UAE’s two biggest banks, National Bank of Dubai and First Abu Dhabi Bank, reported a decline in profits last year.
The two banks have set higher provisions to cover the expected rise in bad loans due to the Coronavirus pandemic.
National Bank of Dubai, the largest bank in the emirate, said its full-year profits declined to more than the half. Provisions for impairment increased by 65% to 7.9 billion dirhams ($2.15 billion).
The bank said profits fell to 7 billion dirhams due to higher impairment fees. The gains from selling a stake in the Network International Holdings Plc in 2019 were not repeated.
First Abu Dhabi Bank, is preparing for credit losses amid a profit shock from lower oil prices and the Coronavirus pandemic.
The largest bank in the UAE said it posted a profit of 10.6 billion dirhams for 2020, down from 12.5 billion dirhams in the same period a year ago.

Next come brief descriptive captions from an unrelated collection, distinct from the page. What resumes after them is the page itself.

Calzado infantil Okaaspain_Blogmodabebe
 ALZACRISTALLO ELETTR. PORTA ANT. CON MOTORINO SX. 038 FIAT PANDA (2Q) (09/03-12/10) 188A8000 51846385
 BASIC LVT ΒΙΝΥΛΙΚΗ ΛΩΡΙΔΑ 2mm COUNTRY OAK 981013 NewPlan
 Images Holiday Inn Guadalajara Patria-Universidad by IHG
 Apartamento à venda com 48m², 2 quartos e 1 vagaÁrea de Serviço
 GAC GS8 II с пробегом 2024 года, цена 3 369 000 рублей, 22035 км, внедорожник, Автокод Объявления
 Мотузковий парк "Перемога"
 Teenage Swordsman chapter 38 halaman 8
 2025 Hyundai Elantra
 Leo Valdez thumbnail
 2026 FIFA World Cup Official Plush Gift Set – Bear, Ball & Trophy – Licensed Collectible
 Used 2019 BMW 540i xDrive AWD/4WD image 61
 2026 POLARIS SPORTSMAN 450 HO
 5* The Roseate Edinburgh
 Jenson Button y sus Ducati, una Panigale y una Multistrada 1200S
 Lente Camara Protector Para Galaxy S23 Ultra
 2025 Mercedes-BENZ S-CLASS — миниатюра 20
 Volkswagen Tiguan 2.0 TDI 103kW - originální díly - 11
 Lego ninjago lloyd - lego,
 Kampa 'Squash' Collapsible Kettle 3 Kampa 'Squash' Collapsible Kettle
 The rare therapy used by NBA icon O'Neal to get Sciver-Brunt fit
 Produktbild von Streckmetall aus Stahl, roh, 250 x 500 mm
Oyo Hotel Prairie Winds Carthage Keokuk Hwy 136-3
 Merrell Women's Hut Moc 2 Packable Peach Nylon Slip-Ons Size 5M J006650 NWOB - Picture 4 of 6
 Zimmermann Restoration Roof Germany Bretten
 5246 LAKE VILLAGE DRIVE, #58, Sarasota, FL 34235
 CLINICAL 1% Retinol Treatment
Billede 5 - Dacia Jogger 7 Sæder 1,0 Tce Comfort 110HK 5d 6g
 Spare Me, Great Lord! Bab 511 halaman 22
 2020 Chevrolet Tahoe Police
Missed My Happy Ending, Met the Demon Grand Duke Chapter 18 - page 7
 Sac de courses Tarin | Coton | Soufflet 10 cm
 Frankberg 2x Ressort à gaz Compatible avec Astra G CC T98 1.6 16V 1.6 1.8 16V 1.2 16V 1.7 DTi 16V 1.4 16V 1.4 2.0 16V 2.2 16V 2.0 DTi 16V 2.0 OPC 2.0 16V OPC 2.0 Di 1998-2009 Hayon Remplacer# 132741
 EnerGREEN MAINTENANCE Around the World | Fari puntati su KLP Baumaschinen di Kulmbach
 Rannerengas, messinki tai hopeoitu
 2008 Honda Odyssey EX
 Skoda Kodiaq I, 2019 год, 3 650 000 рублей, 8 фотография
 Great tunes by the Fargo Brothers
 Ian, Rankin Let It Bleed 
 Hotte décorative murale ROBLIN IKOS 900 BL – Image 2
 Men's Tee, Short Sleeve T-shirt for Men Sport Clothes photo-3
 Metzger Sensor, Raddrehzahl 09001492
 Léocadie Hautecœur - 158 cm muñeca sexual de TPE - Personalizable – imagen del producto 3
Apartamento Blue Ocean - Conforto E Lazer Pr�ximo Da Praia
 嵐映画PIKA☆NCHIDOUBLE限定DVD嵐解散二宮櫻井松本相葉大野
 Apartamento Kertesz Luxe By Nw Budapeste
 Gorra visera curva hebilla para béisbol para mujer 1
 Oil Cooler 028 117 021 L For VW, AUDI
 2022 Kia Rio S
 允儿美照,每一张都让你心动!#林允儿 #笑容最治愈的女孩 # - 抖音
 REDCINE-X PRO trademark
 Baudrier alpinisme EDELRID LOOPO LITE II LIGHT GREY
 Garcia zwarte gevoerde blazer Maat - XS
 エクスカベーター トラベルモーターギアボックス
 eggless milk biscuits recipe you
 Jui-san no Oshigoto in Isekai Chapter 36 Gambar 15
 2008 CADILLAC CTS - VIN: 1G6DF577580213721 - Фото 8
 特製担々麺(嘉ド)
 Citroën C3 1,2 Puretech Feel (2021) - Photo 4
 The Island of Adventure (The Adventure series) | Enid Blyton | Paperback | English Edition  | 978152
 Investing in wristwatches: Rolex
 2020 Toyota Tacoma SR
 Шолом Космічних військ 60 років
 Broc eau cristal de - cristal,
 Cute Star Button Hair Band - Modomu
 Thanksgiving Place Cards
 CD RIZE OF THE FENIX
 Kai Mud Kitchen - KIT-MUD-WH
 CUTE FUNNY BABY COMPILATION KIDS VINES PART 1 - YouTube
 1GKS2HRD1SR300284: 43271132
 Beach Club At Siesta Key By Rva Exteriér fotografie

Bank impairment charges increased by 22%.
Standard and Poor’s expected that the economy and the banking sector in the UAE would be affected by 2020 shocks. Local banks are facing declining asset quality and increasing risk costs.
The credit rating agency said banks would be affected by the UAE Central Bank raising the facilities it announced to gradually mitigate the Coronavirus repercussions, in the second half of 2021.
S&P said, due to low-interest rates, the profitability of banks will remain low in 2021. It is likely to record losses in some banks.
Sectors such as real estate, hospitality and retail are likely to remain under pressure this year.
IMF said the UAE’s GDP growth recovered during the year after the severe recession in 2020.
S&P said the real GDP (denominated in dollars) would return to 2019 levels, by 2023.
The UAE banks have also suffered a double blow due to the COVID-19 repercussions, and oil prices drop.
The global pandemic affected significant sectors such as tourism and real estate.
Forty-eight banks operate in the UAE, including 22 local banks and 26 foreigners, serving more than 9.5 million citizens and residents.